Task details: The entries are to be given back verbatim; no picture is to be copied.

Material provided:
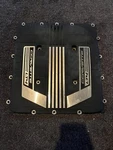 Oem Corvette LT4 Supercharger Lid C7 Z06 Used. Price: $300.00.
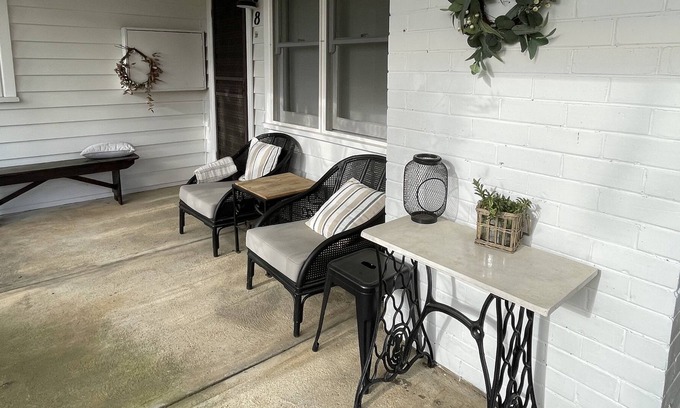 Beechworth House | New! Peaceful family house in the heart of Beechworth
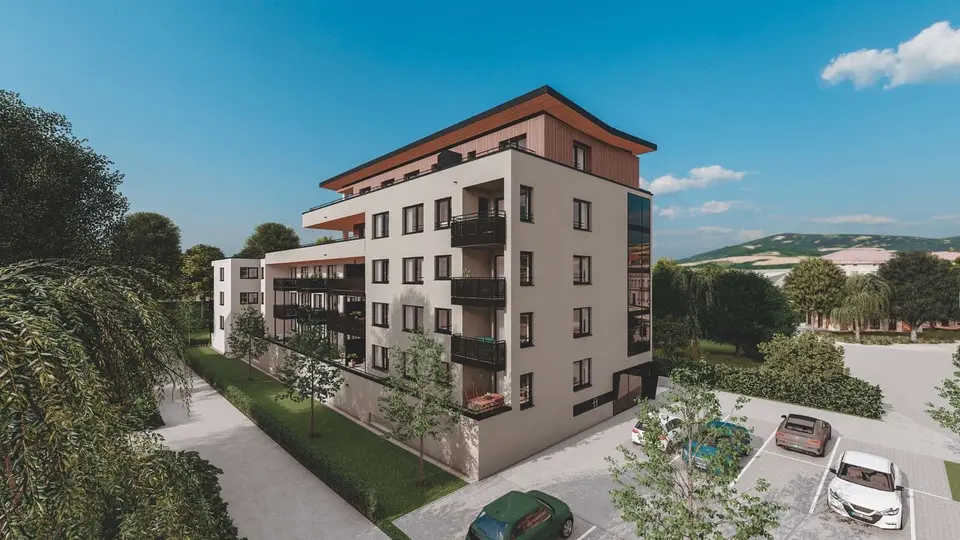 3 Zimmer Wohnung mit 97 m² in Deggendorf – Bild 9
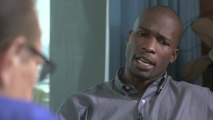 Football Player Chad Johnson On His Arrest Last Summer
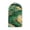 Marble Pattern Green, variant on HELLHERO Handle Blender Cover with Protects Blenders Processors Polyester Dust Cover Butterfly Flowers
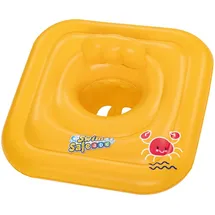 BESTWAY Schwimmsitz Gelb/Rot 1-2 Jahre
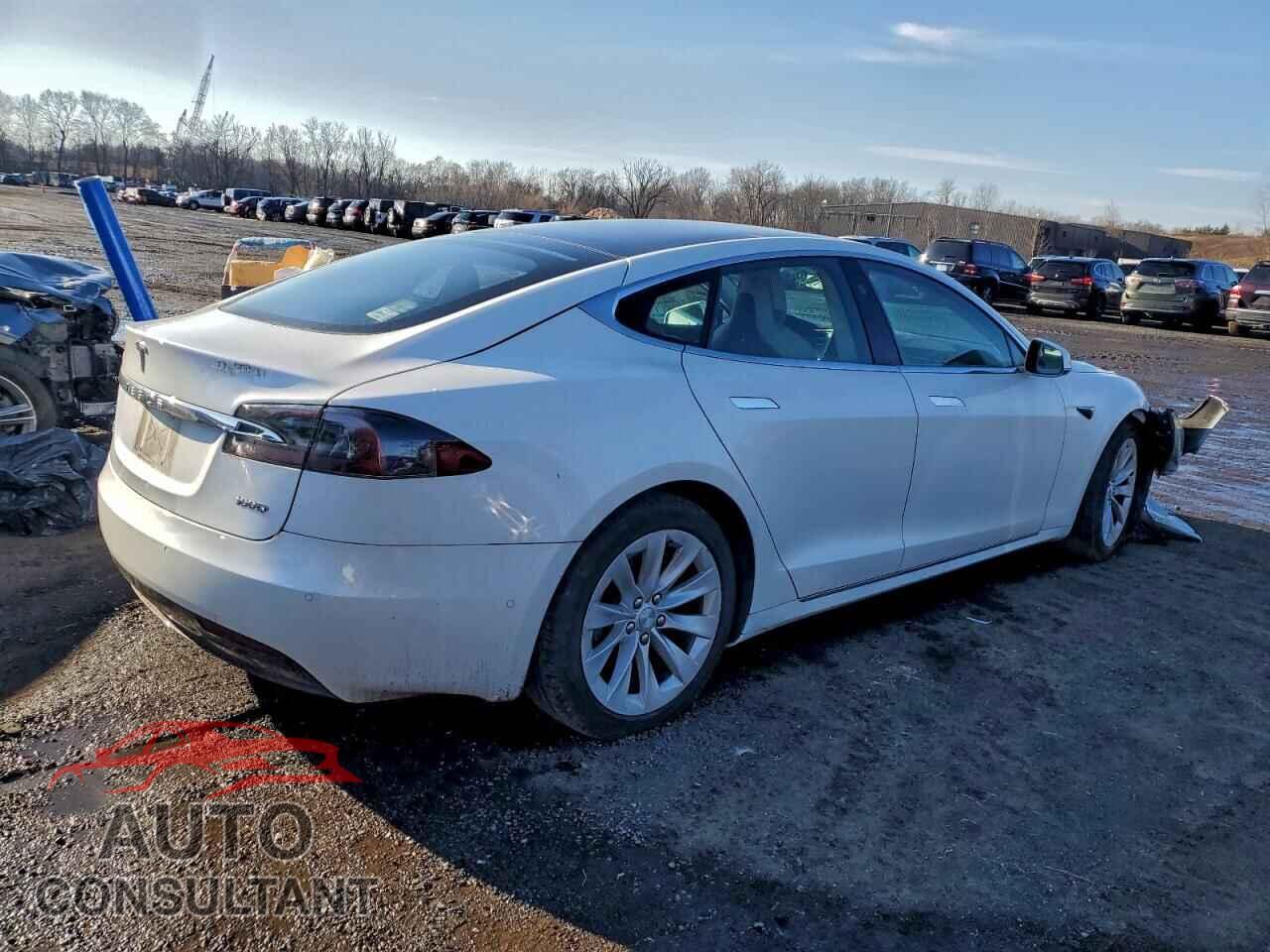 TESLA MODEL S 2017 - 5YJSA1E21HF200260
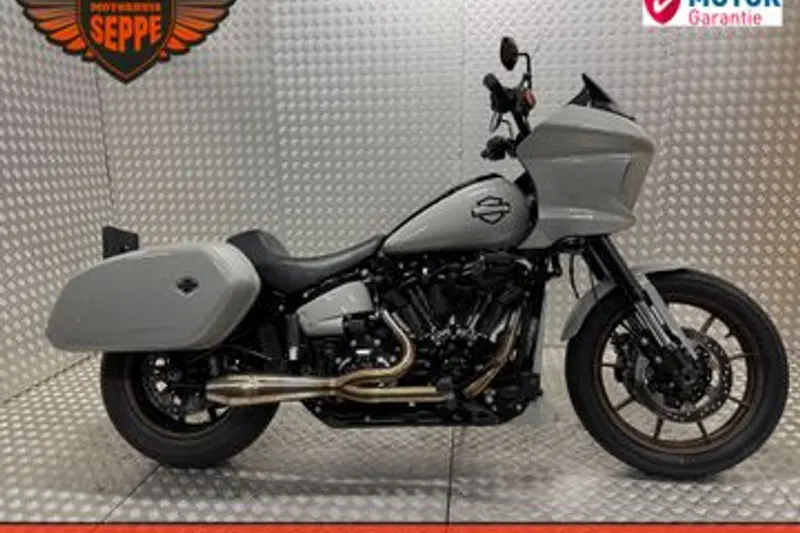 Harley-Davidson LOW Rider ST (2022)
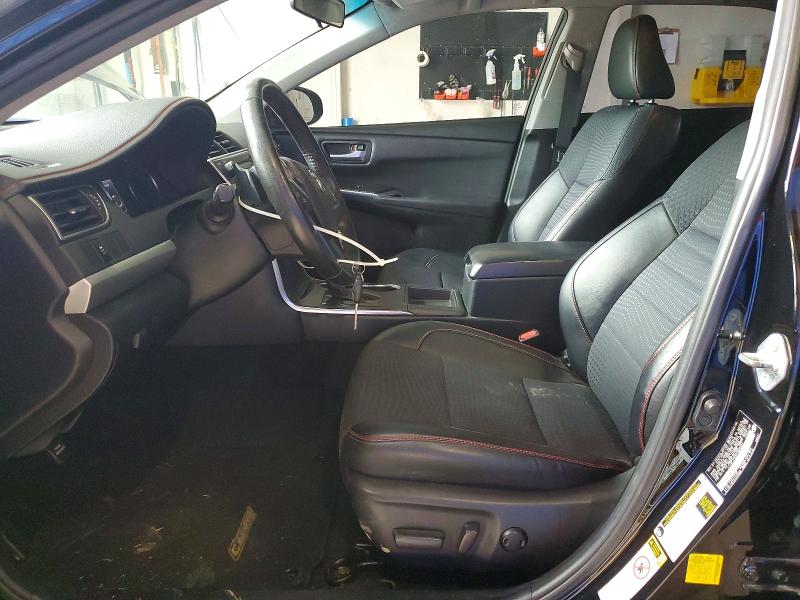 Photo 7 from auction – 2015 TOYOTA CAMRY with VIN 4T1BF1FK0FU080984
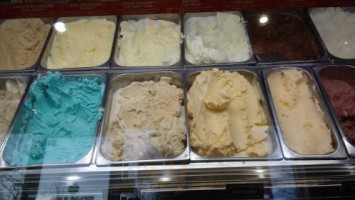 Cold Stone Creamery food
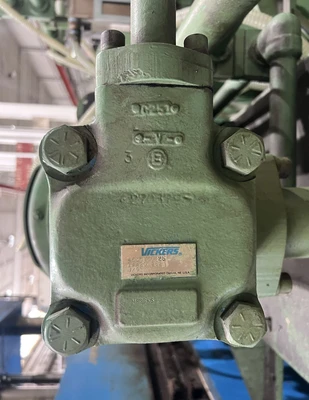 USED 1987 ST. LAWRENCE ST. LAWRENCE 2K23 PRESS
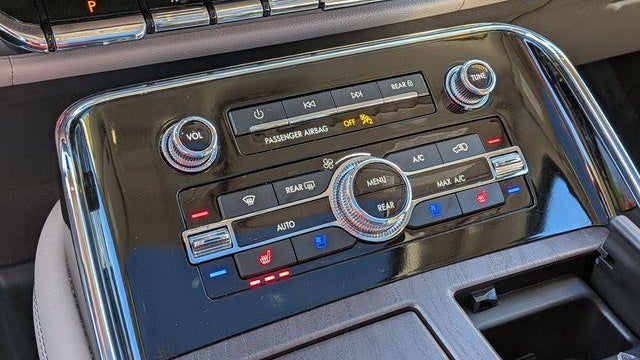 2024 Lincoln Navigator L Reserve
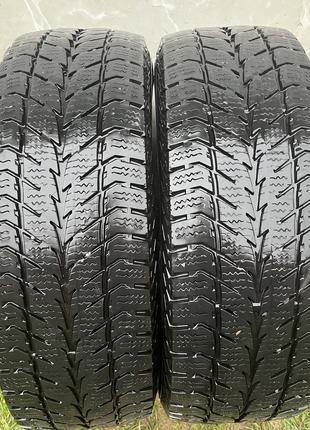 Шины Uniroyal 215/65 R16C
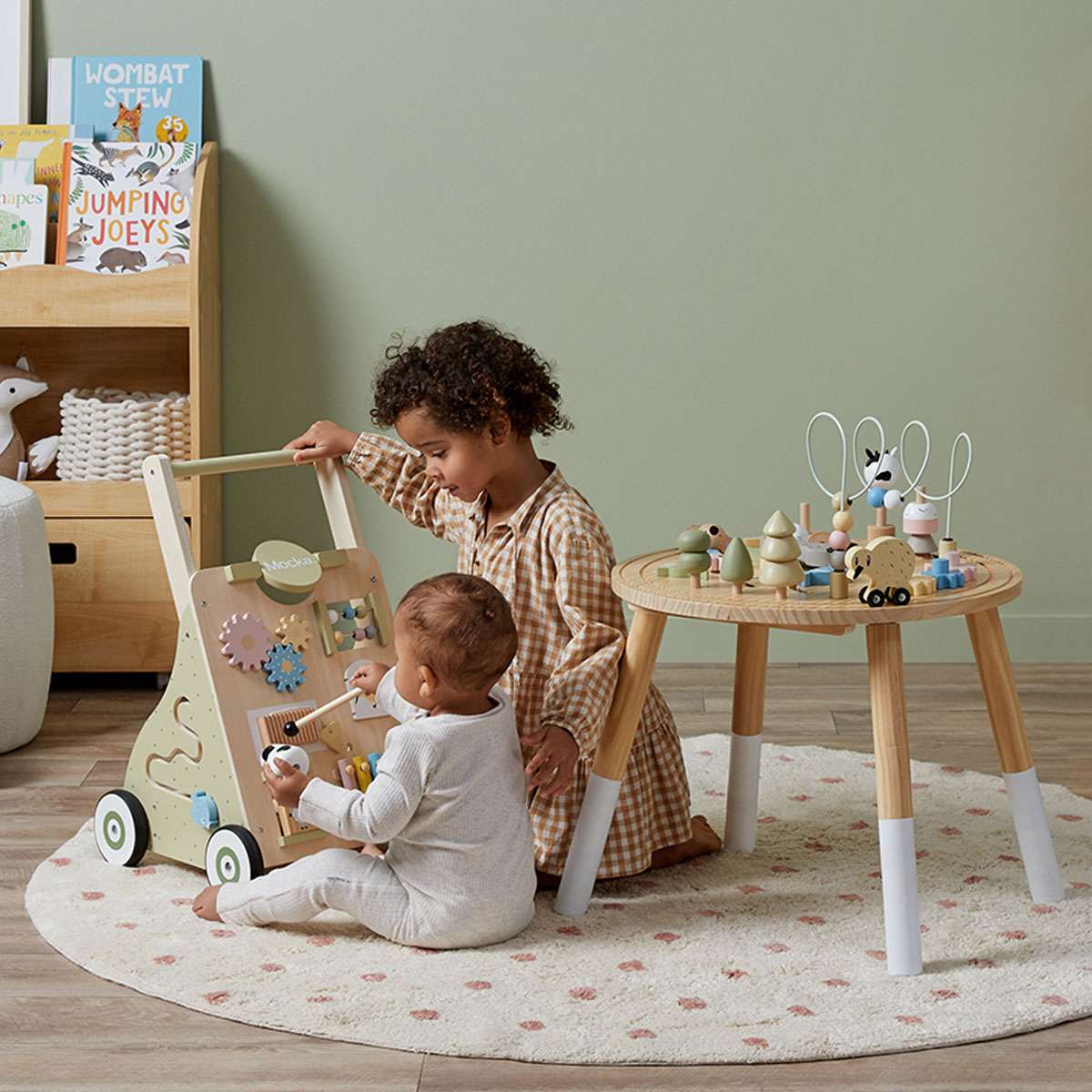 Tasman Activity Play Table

Solved problem:
 Oem Corvette LT4 Supercharger Lid C7 Z06 Used. Price: $300.00.
 Beechworth House | New! Peaceful family house in the heart of Beechworth
 3 Zimmer Wohnung mit 97 m² in Deggendorf – Bild 9
 Football Player Chad Johnson On His Arrest Last Summer
 Marble Pattern Green, variant on HELLHERO Handle Blender Cover with Protects Blenders Processors Polyester Dust Cover Butterfly Flowers
 BESTWAY Schwimmsitz Gelb/Rot 1-2 Jahre
 TESLA MODEL S 2017 - 5YJSA1E21HF200260
 Harley-Davidson LOW Rider ST (2022)
 Photo 7 from auction – 2015 TOYOTA CAMRY with VIN 4T1BF1FK0FU080984
 Cold Stone Creamery food
 USED 1987 ST. LAWRENCE ST. LAWRENCE 2K23 PRESS
 2024 Lincoln Navigator L Reserve
 Шины Uniroyal 215/65 R16C
 Tasman Activity Play Table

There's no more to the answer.